• [What to work on]: Among the entries that follow, find the lines containing the string "Sony" and copy them.

Dataset items:
________________
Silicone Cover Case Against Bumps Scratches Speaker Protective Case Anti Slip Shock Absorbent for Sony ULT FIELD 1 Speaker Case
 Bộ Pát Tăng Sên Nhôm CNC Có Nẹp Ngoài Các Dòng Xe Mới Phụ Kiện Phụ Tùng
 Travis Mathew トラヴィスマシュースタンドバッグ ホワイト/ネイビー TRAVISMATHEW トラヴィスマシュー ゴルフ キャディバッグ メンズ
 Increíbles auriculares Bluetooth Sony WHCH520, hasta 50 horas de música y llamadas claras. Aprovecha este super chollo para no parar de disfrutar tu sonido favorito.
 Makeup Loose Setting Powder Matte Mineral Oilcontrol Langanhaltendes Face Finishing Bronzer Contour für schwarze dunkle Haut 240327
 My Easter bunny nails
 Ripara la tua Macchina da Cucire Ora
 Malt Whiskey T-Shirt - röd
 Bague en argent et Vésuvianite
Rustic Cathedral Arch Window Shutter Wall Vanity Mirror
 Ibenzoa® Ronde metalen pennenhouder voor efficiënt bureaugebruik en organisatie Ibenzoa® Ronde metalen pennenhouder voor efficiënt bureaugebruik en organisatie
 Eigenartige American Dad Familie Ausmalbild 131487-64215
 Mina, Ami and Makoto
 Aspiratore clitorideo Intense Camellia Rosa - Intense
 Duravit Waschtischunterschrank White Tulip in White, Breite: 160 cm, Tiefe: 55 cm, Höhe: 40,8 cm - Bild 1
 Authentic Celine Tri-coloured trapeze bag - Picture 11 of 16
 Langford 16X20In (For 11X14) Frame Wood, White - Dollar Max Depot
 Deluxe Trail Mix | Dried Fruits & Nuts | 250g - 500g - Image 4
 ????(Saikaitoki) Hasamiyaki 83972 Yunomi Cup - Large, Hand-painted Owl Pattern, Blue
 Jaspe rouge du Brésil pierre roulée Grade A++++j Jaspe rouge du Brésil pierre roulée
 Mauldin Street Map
________________
• [Solution for this exercise]:
Silicone Cover Case Against Bumps Scratches Speaker Protective Case Anti Slip Shock Absorbent for Sony ULT FIELD 1 Speaker Case
 Increíbles auriculares Bluetooth Sony WHCH520, hasta 50 horas de música y llamadas claras. Aprovecha este super chollo para no parar de disfrutar tu sonido favorito.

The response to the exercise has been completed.